# REQUIRED WORK:
Return only these lines: the one that contains "Dantela mixta tip" and every line after it through the end of the listing, exactly, without pictures.

# DATA SECTION:
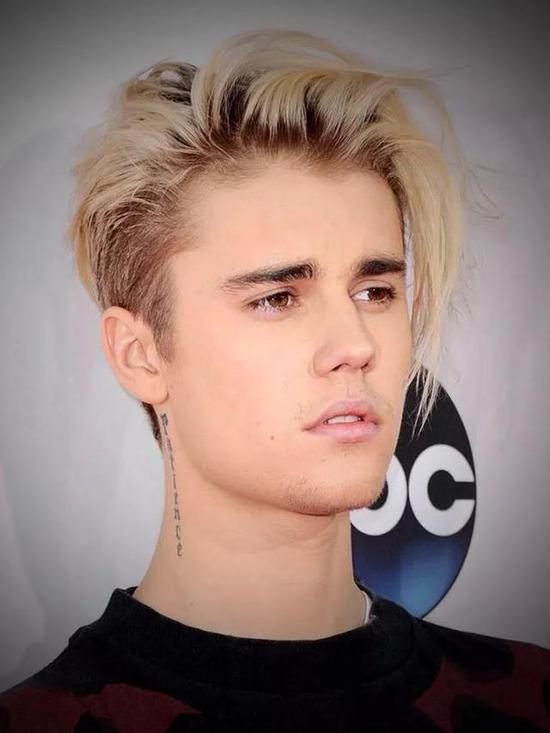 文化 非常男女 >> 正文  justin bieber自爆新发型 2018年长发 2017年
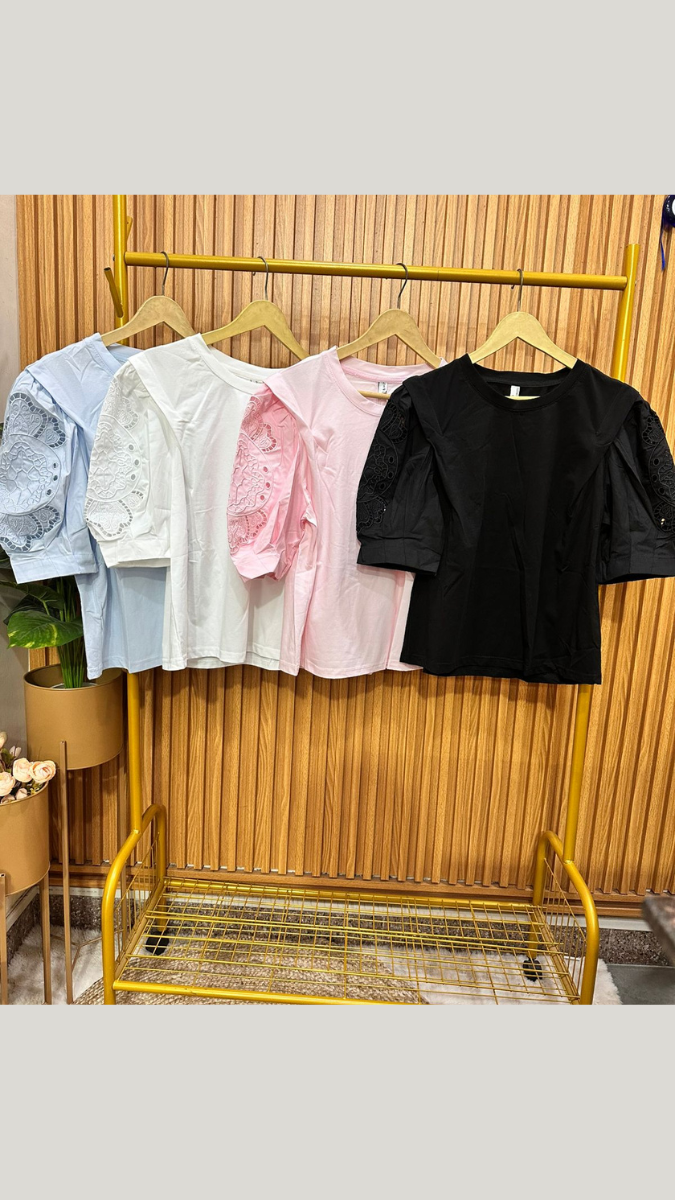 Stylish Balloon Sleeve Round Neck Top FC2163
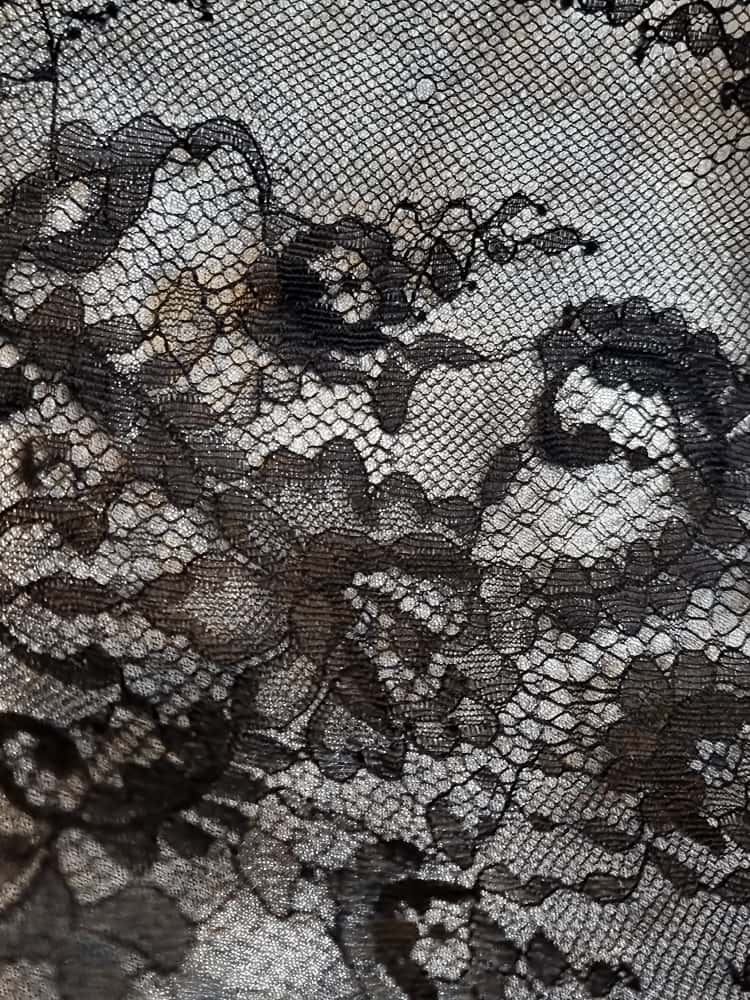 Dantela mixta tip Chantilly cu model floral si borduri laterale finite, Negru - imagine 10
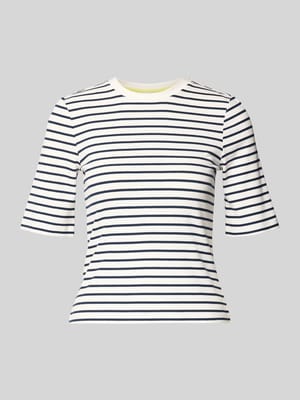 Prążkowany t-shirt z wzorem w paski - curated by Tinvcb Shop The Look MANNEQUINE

# ANSWER FOR THE TASK:
 Dantela mixta tip Chantilly cu model floral si borduri laterale finite, Negru - imagine 10
 Prążkowany t-shirt z wzorem w paski - curated by Tinvcb Shop The Look MANNEQUINE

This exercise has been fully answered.